Chicken Salad
Great Summer Recipe, thanks Meredith!
Serves 4
1 Bulb Fennel, cored and sliced
5 T. Olive oil, divided
1 Red onion, cut into half moon slices
1 T. Butter
1T. Red wine vinegar
4 C. Pulled chicken (skin removed), from roasted free-range chicken – I used rotisserie chickens from Henry’s
Vinaigrette
2 T. Red wine vinegar
1 T. Orange flower water- I used O.J.
1 T. Tangerine Oil – I used Olive oil infused with Blood Oranges
2 T. Extra virgin olive oil
1 t. salt
1/8 t. pepper
1 T. chopped fresh mint
Mixed baby greens
Caper berries – I used pickled capers from T.J.’s
To prepare fennel: Heat 3 T. olive oil over medium-low heat in a sauté pan and cook fennel until soft (about 3-5 minutes). Remove from pan into large mixing bowl.
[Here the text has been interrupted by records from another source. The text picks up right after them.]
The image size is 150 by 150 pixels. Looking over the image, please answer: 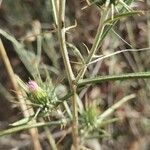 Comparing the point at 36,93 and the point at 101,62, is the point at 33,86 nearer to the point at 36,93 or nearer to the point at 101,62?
the point at 36,93

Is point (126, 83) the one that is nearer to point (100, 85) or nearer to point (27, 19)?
point (100, 85)

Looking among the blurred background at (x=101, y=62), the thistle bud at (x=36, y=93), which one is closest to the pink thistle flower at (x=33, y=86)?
the thistle bud at (x=36, y=93)

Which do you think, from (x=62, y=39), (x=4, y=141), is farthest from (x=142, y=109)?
(x=62, y=39)

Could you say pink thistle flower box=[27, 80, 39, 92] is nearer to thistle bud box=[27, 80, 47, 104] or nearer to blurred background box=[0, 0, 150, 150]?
thistle bud box=[27, 80, 47, 104]

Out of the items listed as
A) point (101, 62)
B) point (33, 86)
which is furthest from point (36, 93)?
point (101, 62)

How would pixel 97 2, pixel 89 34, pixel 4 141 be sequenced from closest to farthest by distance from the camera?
pixel 97 2 < pixel 4 141 < pixel 89 34

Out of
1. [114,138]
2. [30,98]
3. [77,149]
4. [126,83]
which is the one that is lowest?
[114,138]

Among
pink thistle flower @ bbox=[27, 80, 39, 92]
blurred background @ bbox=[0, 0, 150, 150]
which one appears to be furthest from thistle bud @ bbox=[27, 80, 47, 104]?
blurred background @ bbox=[0, 0, 150, 150]

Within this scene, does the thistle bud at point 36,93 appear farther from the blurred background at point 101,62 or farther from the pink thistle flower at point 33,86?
the blurred background at point 101,62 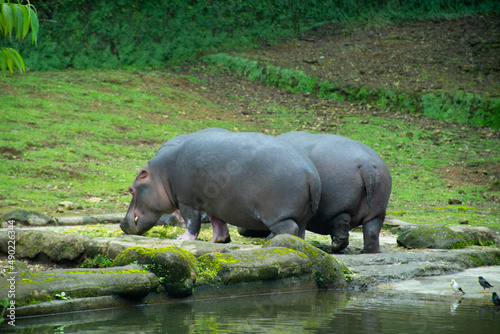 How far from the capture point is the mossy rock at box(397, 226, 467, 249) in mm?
8492

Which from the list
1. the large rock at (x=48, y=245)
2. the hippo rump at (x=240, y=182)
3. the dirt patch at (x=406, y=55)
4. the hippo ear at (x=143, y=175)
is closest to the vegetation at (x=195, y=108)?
the dirt patch at (x=406, y=55)

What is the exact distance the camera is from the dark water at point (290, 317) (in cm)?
467

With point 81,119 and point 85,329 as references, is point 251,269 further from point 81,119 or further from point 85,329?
point 81,119

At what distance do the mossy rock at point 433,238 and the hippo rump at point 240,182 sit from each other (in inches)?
67.1

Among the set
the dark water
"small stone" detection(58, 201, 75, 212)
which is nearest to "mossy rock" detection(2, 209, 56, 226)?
"small stone" detection(58, 201, 75, 212)

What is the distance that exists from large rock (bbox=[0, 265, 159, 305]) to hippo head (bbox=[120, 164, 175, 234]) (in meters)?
3.16

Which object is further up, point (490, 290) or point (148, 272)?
point (148, 272)

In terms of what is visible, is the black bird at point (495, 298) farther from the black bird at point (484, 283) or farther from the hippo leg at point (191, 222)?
the hippo leg at point (191, 222)

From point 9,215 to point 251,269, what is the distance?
5.29 m

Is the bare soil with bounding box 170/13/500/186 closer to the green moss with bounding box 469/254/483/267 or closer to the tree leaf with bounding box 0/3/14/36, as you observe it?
the green moss with bounding box 469/254/483/267

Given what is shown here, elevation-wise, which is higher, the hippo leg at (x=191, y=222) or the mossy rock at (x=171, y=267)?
the mossy rock at (x=171, y=267)

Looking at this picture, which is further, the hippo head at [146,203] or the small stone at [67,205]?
the small stone at [67,205]

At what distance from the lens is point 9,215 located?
972 centimetres

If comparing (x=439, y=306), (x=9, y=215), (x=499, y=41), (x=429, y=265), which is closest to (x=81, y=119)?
(x=9, y=215) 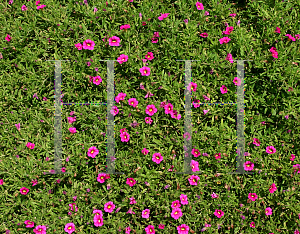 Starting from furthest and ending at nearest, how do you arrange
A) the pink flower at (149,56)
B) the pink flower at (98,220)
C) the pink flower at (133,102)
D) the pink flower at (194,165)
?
the pink flower at (149,56)
the pink flower at (133,102)
the pink flower at (194,165)
the pink flower at (98,220)

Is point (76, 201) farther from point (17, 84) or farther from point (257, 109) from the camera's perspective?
point (257, 109)

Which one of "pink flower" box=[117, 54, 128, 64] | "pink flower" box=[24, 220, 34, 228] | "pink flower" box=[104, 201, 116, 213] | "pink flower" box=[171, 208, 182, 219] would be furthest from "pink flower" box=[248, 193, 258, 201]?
"pink flower" box=[24, 220, 34, 228]

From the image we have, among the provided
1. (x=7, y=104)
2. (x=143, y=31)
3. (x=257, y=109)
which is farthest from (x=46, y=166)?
(x=257, y=109)

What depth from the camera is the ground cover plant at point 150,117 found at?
10.3 ft

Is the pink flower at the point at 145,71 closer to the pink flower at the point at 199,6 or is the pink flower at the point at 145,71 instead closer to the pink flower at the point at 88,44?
the pink flower at the point at 88,44

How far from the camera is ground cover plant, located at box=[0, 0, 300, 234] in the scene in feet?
10.3

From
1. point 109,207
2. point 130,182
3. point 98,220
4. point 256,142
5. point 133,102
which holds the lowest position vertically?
point 98,220

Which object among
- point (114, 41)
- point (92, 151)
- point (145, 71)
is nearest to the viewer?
point (92, 151)

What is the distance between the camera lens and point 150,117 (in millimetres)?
3256

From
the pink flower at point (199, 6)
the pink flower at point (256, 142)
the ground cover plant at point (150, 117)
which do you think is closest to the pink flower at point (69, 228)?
the ground cover plant at point (150, 117)

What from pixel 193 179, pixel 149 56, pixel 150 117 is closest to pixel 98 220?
pixel 193 179

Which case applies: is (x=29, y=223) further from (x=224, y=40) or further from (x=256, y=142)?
(x=224, y=40)

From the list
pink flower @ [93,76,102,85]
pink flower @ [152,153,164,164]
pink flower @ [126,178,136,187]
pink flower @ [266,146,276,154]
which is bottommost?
pink flower @ [126,178,136,187]

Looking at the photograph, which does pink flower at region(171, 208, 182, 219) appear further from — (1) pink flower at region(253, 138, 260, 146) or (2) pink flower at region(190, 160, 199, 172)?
(1) pink flower at region(253, 138, 260, 146) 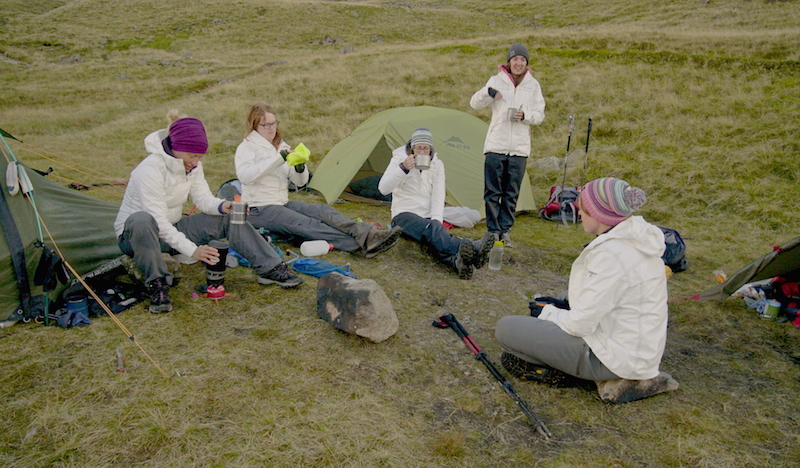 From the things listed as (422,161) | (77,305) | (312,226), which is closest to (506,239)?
(422,161)

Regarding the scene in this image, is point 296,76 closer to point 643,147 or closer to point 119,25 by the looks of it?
point 643,147

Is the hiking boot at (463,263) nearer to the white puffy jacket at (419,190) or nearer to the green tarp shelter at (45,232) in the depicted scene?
the white puffy jacket at (419,190)

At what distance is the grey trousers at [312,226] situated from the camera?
5.74m

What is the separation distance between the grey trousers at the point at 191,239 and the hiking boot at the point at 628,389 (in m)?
2.99

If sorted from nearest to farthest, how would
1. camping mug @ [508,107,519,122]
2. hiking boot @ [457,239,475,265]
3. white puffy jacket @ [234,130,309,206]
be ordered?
hiking boot @ [457,239,475,265]
white puffy jacket @ [234,130,309,206]
camping mug @ [508,107,519,122]

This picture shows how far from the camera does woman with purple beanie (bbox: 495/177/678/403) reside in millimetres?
3027

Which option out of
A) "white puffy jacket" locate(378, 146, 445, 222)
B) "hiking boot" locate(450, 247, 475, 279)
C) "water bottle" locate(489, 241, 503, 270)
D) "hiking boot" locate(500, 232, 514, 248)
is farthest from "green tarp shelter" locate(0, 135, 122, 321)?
"hiking boot" locate(500, 232, 514, 248)

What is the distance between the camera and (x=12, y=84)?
77.6 feet

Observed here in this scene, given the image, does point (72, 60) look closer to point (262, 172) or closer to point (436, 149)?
point (436, 149)

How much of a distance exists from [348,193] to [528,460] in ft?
22.3

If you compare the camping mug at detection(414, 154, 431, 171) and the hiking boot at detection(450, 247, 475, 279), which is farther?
the camping mug at detection(414, 154, 431, 171)

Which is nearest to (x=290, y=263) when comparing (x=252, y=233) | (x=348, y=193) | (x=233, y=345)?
(x=252, y=233)

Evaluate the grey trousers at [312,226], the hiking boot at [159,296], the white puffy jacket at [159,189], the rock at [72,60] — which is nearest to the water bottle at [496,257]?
the grey trousers at [312,226]

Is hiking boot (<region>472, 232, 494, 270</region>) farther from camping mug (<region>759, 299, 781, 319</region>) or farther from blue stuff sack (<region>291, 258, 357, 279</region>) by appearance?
camping mug (<region>759, 299, 781, 319</region>) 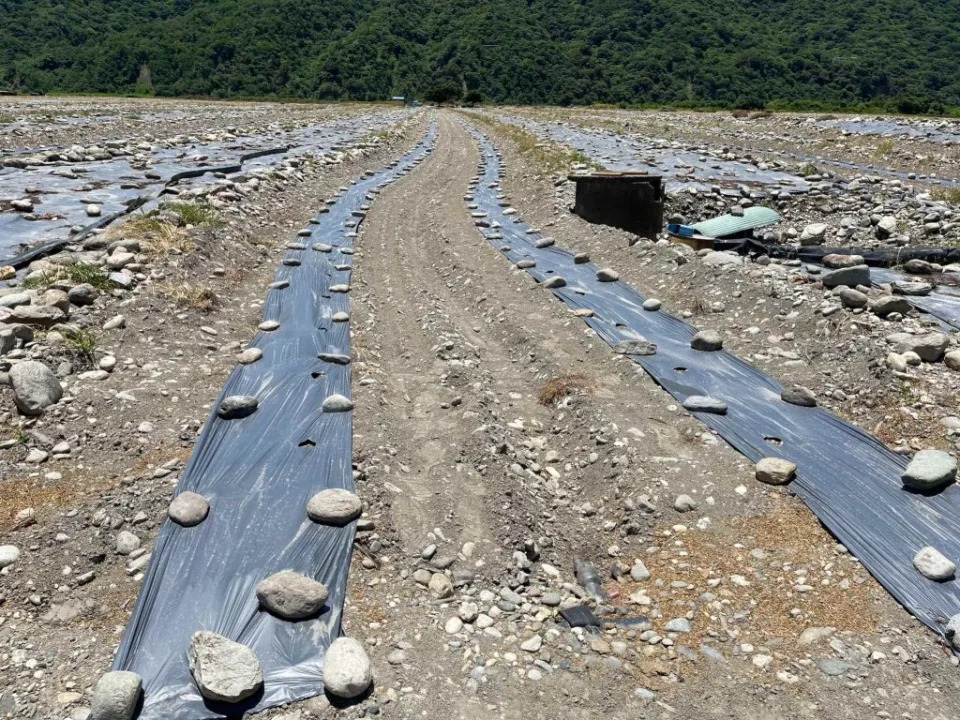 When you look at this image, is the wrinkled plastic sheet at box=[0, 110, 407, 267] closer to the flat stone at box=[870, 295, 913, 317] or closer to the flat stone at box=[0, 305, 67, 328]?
the flat stone at box=[0, 305, 67, 328]

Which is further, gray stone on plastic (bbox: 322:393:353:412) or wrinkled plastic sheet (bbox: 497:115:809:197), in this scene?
wrinkled plastic sheet (bbox: 497:115:809:197)

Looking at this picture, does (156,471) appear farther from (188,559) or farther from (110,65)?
(110,65)

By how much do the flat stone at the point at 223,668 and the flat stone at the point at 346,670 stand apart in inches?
12.8

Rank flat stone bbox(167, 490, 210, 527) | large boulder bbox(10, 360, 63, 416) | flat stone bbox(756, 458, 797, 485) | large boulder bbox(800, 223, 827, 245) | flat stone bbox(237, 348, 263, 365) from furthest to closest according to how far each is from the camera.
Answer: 1. large boulder bbox(800, 223, 827, 245)
2. flat stone bbox(237, 348, 263, 365)
3. large boulder bbox(10, 360, 63, 416)
4. flat stone bbox(756, 458, 797, 485)
5. flat stone bbox(167, 490, 210, 527)

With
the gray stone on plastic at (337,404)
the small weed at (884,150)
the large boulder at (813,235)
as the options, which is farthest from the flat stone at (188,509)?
the small weed at (884,150)

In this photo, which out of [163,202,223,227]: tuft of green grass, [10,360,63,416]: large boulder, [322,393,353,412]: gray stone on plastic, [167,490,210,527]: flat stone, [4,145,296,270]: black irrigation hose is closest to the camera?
[167,490,210,527]: flat stone

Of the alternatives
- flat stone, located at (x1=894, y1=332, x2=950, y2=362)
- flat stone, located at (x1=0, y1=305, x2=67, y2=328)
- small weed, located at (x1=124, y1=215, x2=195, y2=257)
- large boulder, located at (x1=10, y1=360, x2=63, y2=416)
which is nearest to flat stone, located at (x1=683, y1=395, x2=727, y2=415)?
flat stone, located at (x1=894, y1=332, x2=950, y2=362)

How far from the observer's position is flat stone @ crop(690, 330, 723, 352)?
7.20 m

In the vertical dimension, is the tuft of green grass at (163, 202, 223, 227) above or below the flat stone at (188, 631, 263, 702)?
above

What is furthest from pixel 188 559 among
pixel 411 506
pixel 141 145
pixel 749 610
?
pixel 141 145

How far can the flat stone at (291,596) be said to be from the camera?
3.69m

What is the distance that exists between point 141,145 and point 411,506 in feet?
59.0

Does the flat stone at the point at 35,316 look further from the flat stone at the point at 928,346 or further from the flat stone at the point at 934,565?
the flat stone at the point at 928,346

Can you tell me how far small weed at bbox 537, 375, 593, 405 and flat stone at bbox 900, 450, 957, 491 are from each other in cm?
261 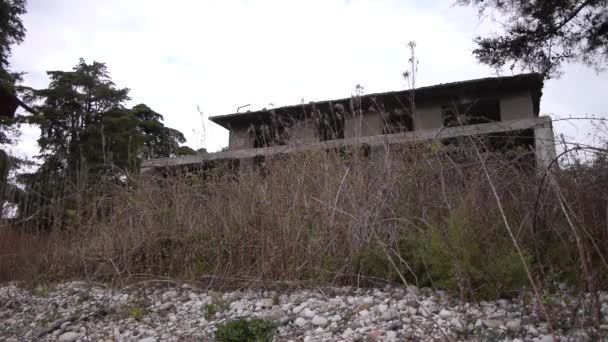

To prepare onion: Add the butter and 2 T. olive oil to same sauté pan and heat until foamy. Add onions and cook until soft and translucent. Add wine vinegar and cook until liquid is almost absorbed (about 10 minutes total). When cooked, remove from pan and add to mixing bowl.
Add pulled chicken to mixing bowl and combine.
To prepare vinaigrette: Combine all ingredients except oils. Whisk in oils.
Pour vinaigrette over chicken mixture until well coated. Place on salad greens. Garnish with optional caper berries. Serve at room temperature.